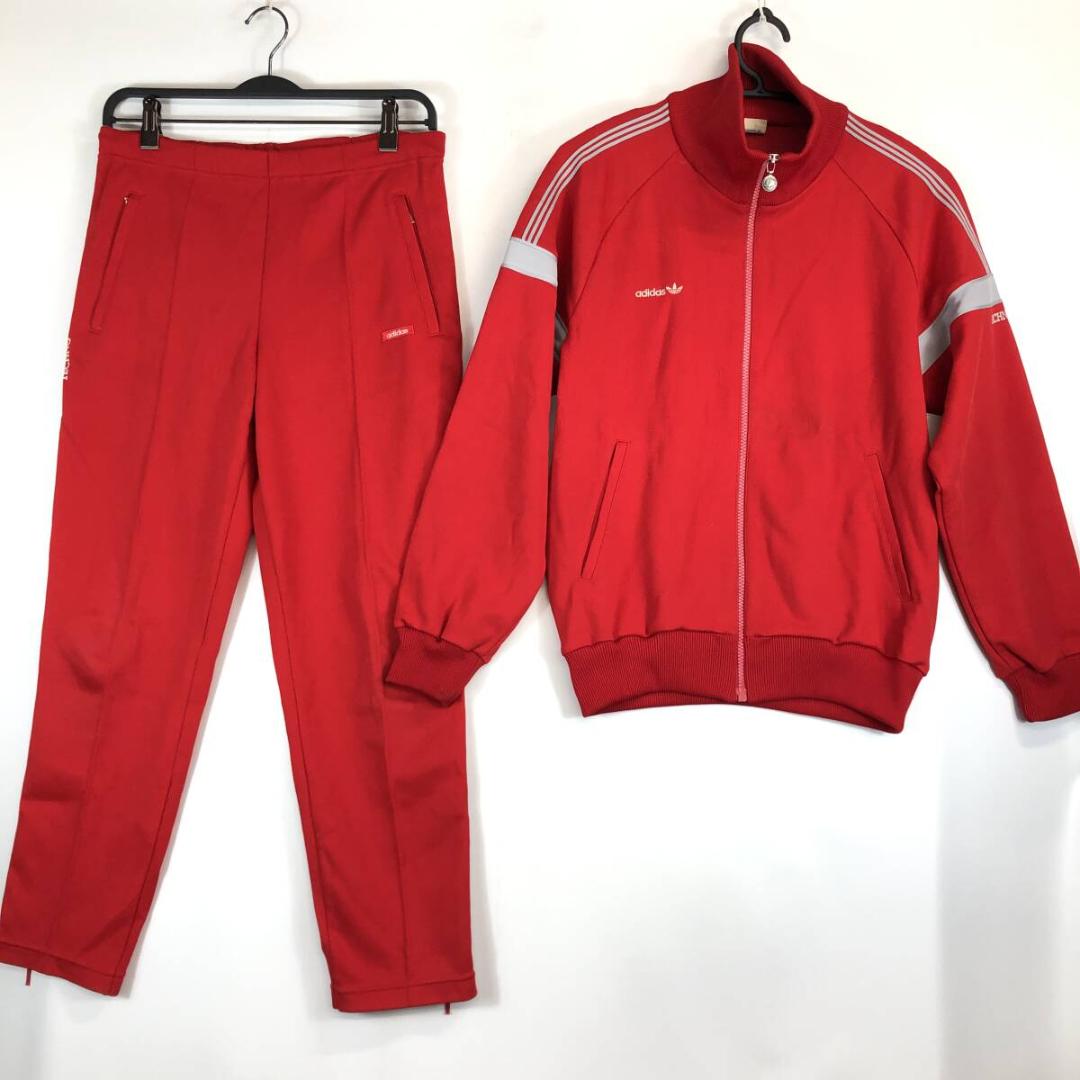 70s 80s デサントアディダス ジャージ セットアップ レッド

* * *

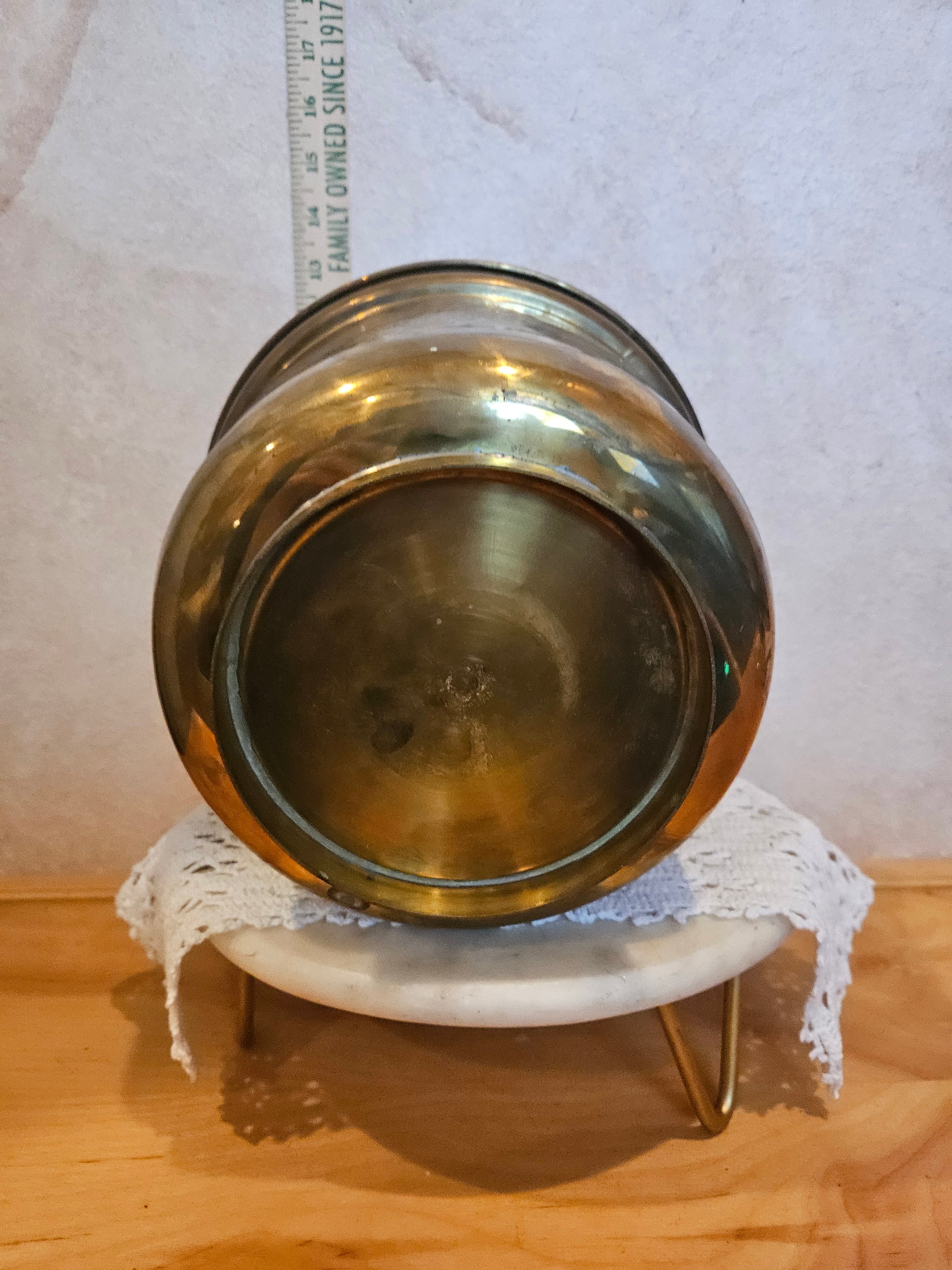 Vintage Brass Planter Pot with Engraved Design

==

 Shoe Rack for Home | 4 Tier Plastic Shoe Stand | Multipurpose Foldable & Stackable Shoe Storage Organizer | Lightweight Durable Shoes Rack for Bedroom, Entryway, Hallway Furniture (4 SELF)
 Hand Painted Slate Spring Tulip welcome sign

- [EXERCISE DETAILS]: With the line that has "Shoe Rack for" as the first and the line that has "Hand Painted Slate Spring Tulip welcome sign" as the last, repeat exactly that run of lines above and no more.

- [TASK OUTPUT]:
 Shoe Rack for Home | 4 Tier Plastic Shoe Stand | Multipurpose Foldable & Stackable Shoe Storage Organizer | Lightweight Durable Shoes Rack for Bedroom, Entryway, Hallway Furniture (4 SELF)
 Hand Painted Slate Spring Tulip welcome sign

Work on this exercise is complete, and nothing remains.